### Problem requirements
Write out the lines below exactly, beginning at the one with "Maruti Suzuki Swift Ddis Vdi, 2011, Diesel" and stopping after the one with "7301 Cleveland School Road, Garner, NC 27529"; the pictures are not copied.
### Data in this exercise
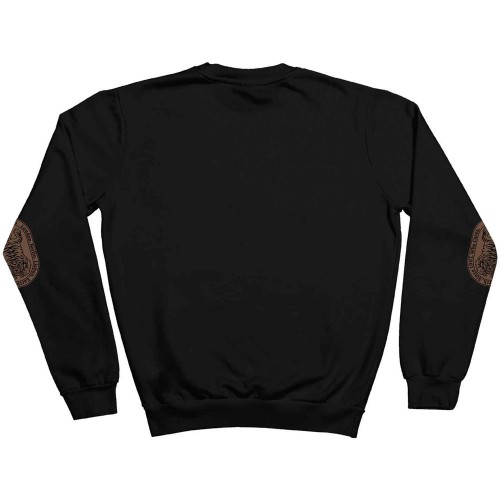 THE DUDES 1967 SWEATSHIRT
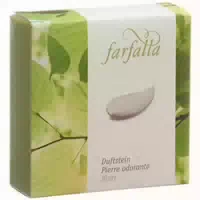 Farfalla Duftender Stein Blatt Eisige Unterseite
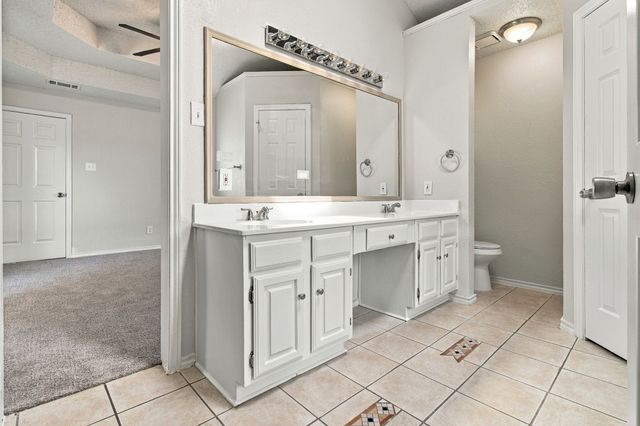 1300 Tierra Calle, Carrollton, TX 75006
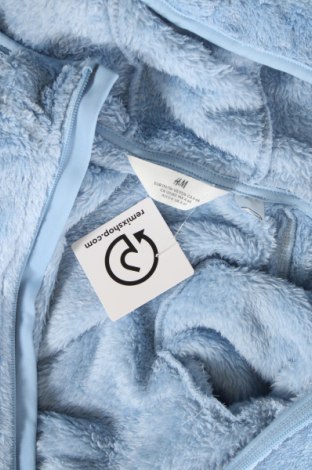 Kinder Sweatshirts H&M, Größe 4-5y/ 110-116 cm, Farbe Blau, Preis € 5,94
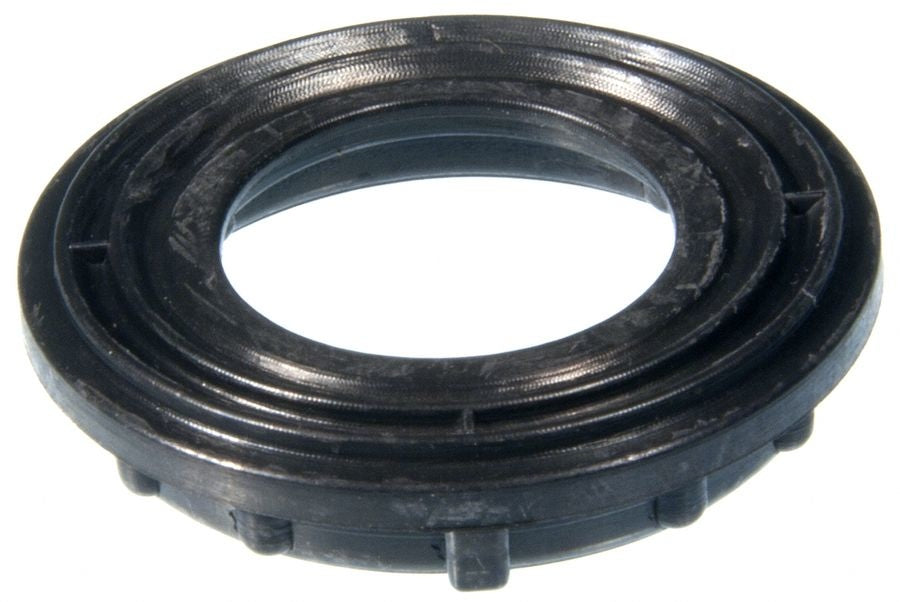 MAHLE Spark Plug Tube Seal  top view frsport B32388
######
### Data in this exercise
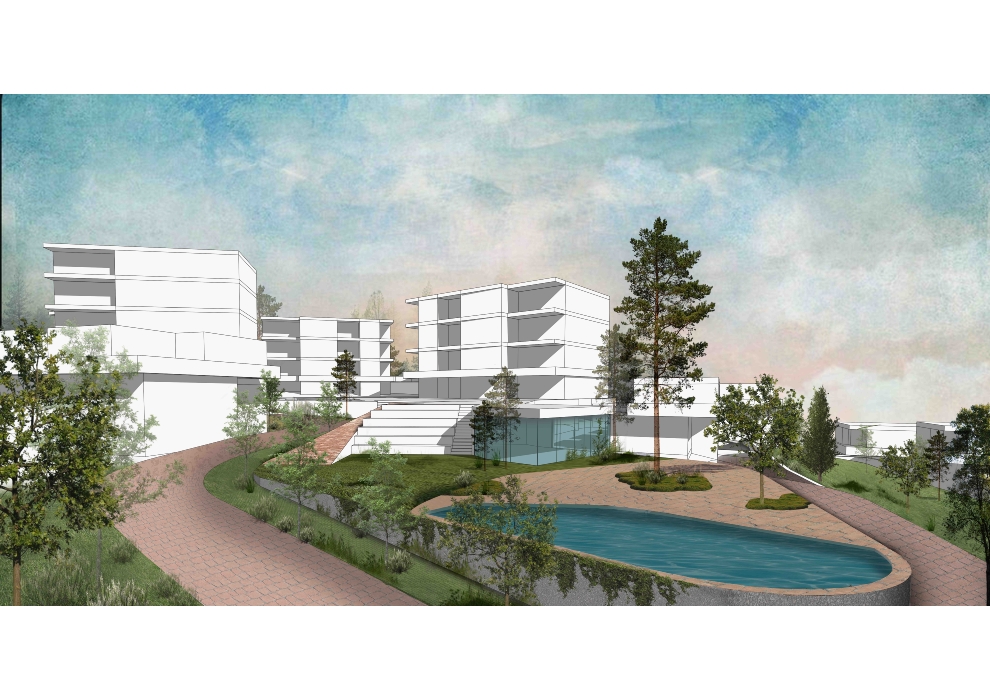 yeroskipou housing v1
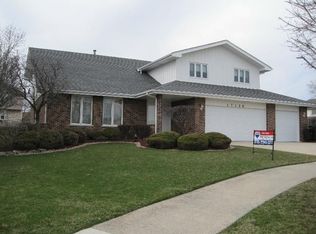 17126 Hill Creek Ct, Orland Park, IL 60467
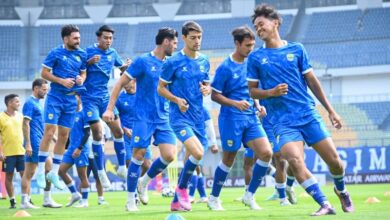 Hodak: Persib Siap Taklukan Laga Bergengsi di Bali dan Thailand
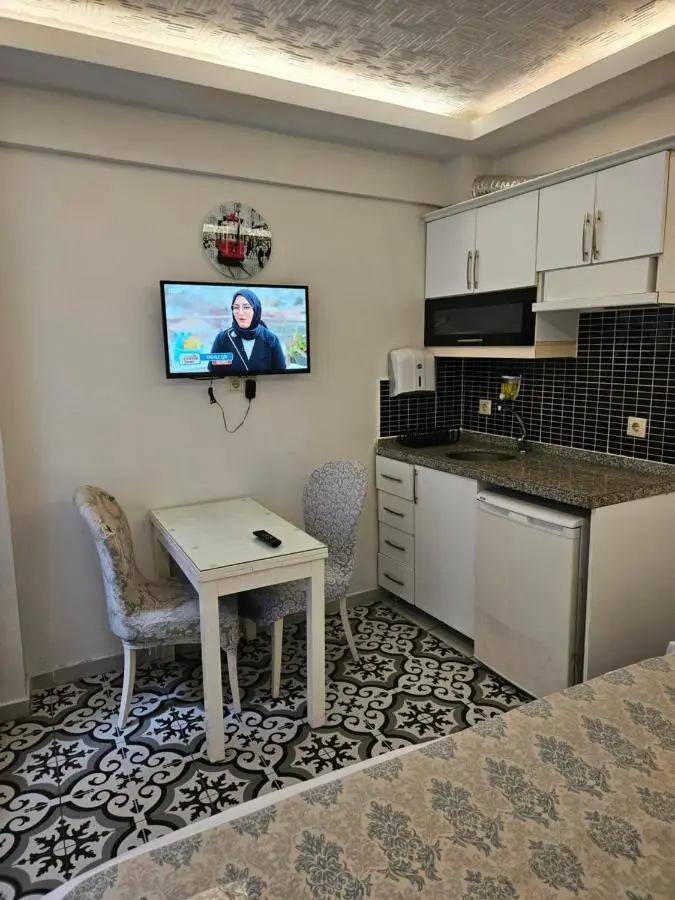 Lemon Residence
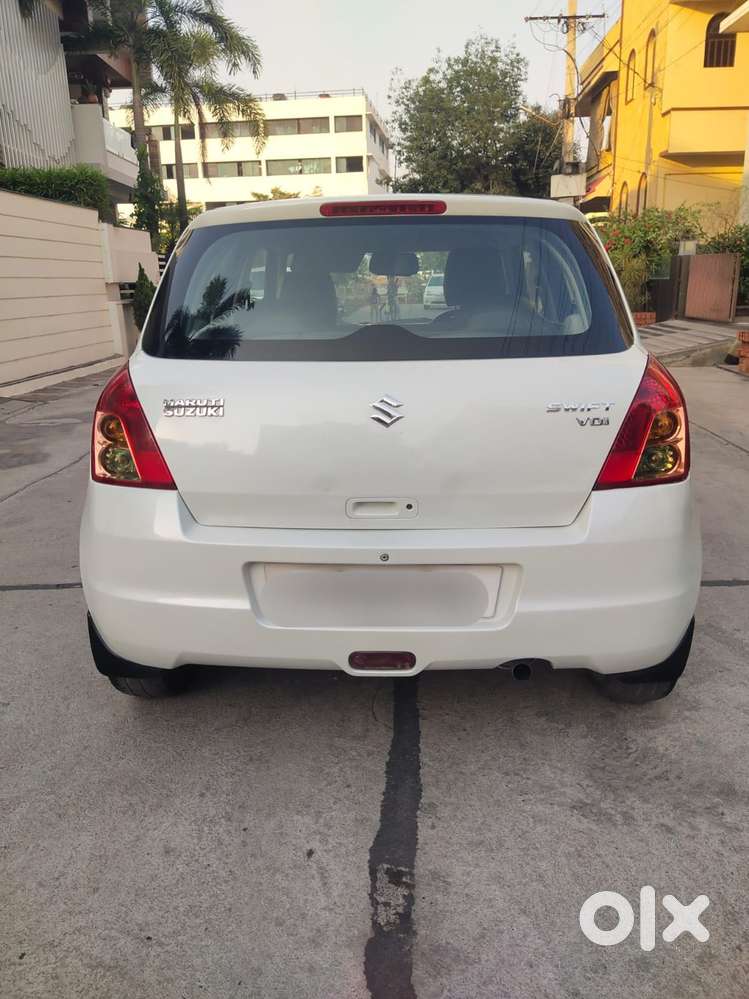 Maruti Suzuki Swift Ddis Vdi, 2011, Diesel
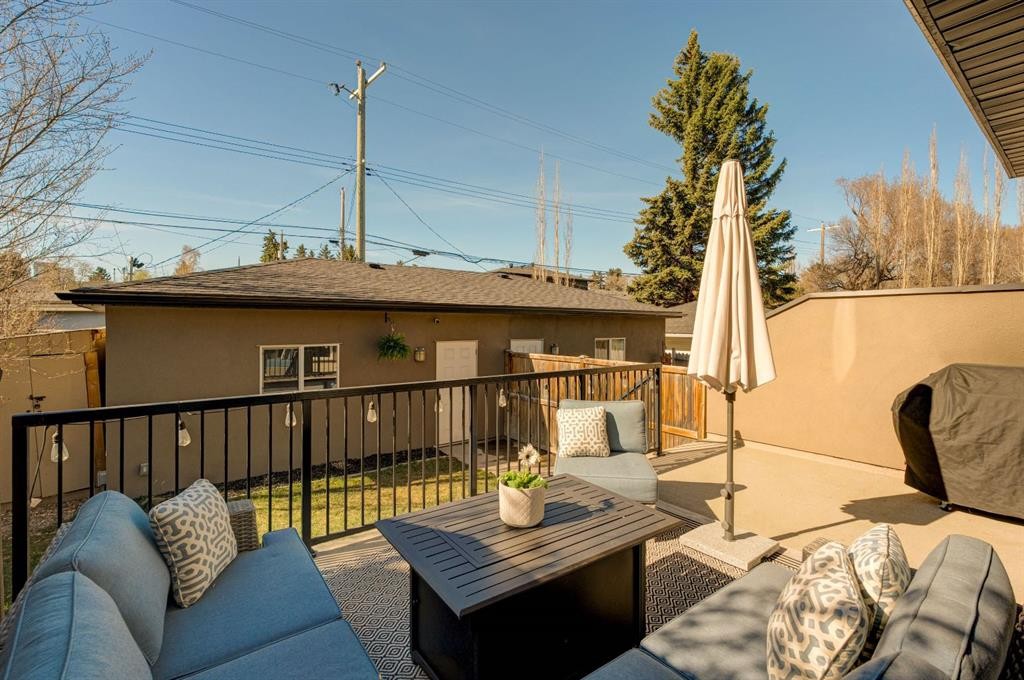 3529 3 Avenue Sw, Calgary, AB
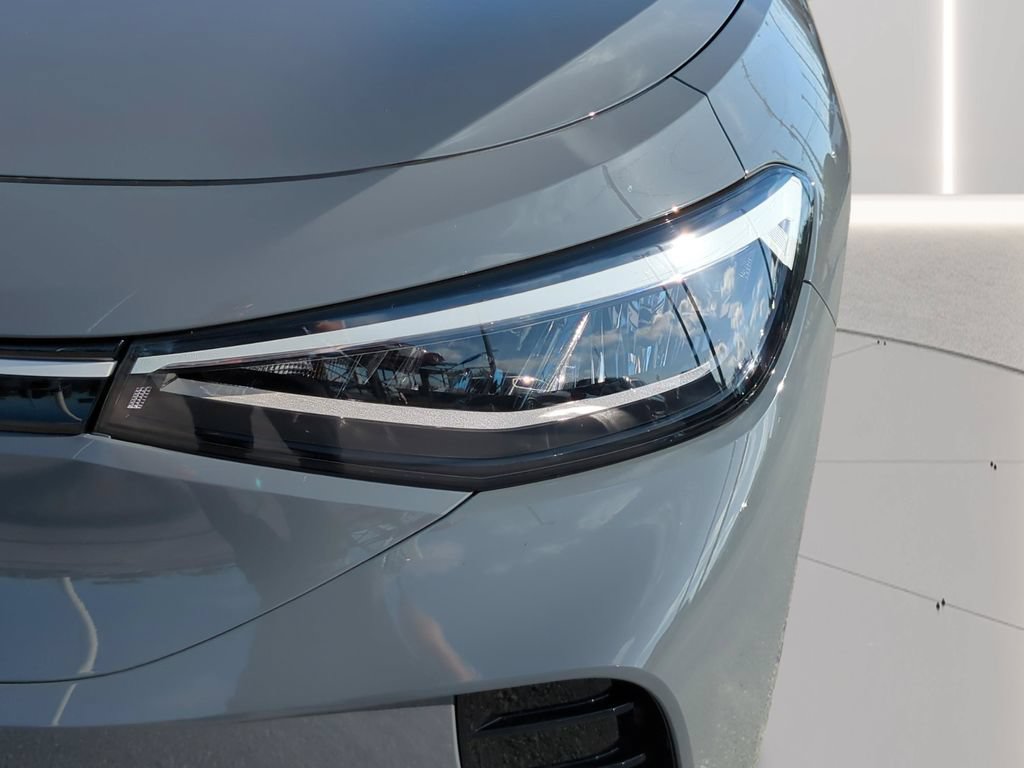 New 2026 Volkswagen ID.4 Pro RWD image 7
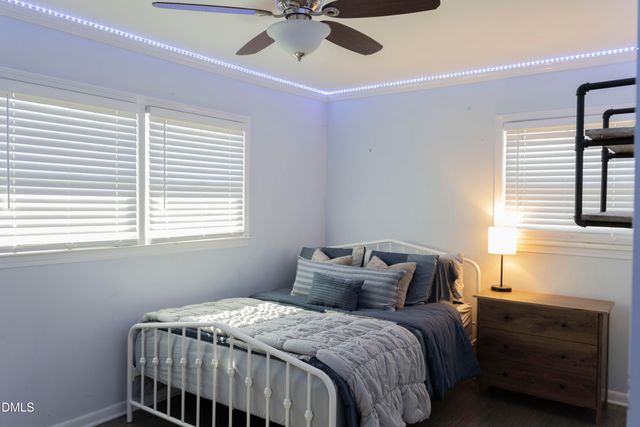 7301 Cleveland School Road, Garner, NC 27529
######
### Data in this exercise
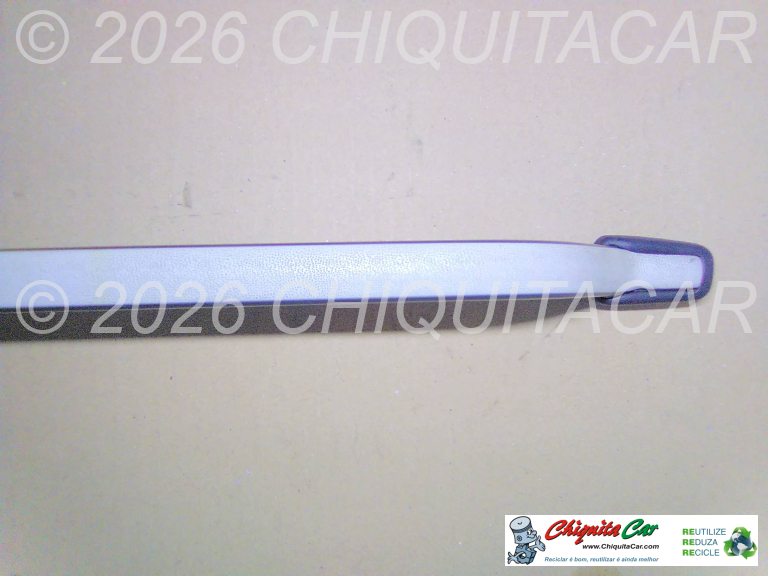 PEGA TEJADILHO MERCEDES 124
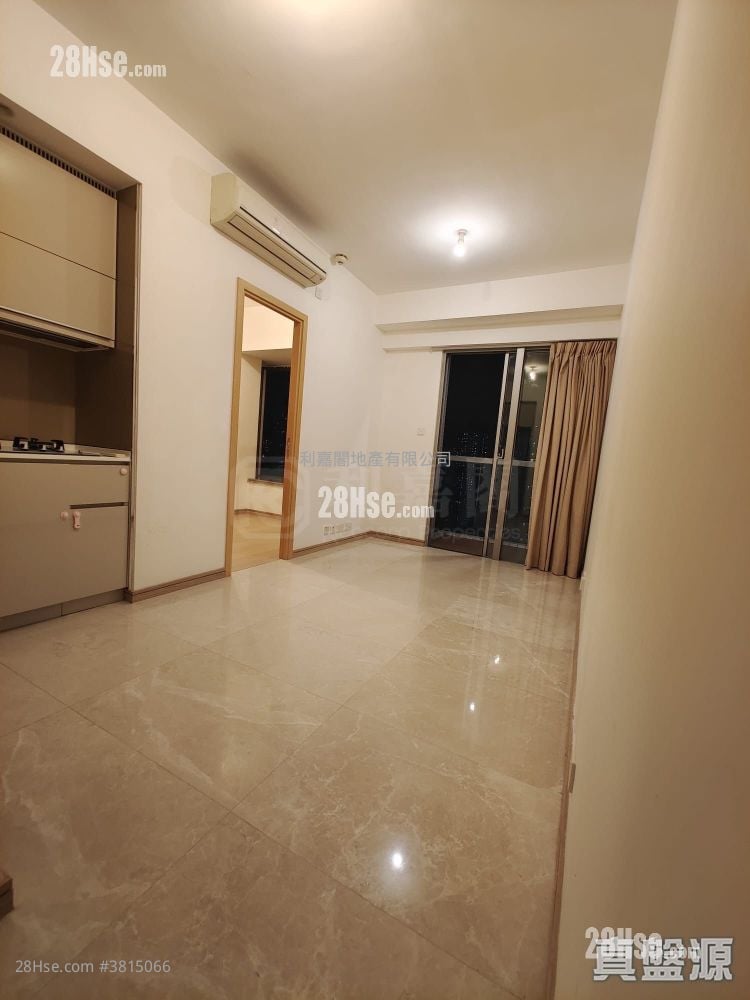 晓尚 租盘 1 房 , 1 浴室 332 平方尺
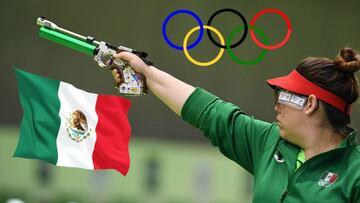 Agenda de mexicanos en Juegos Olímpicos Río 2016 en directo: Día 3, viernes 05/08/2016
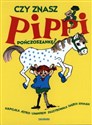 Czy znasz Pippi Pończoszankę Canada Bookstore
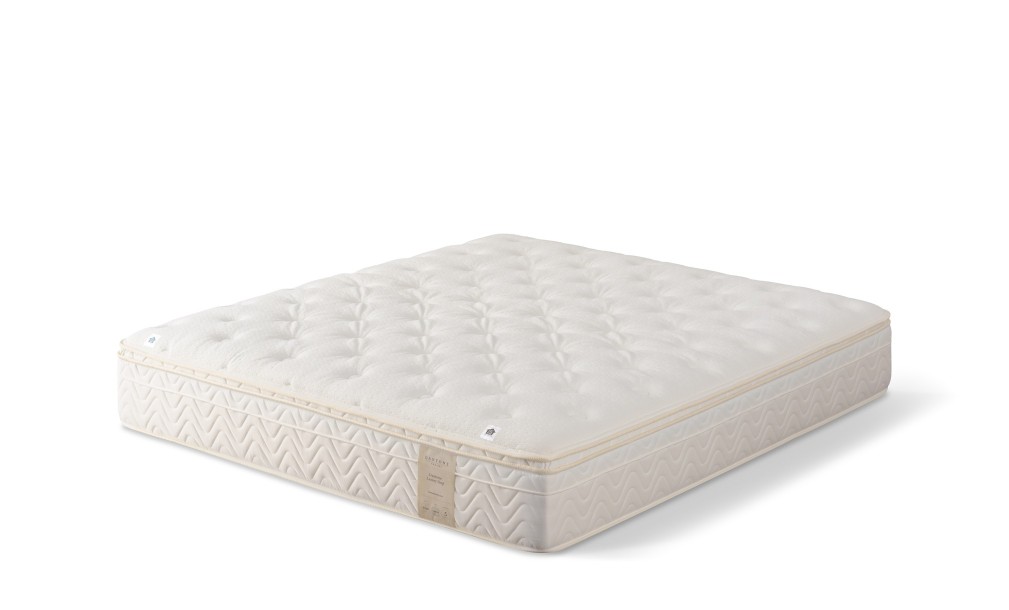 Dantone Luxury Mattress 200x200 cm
######
### Written answer
 Maruti Suzuki Swift Ddis Vdi, 2011, Diesel
 3529 3 Avenue Sw, Calgary, AB
 New 2026 Volkswagen ID.4 Pro RWD image 7
 7301 Cleveland School Road, Garner, NC 27529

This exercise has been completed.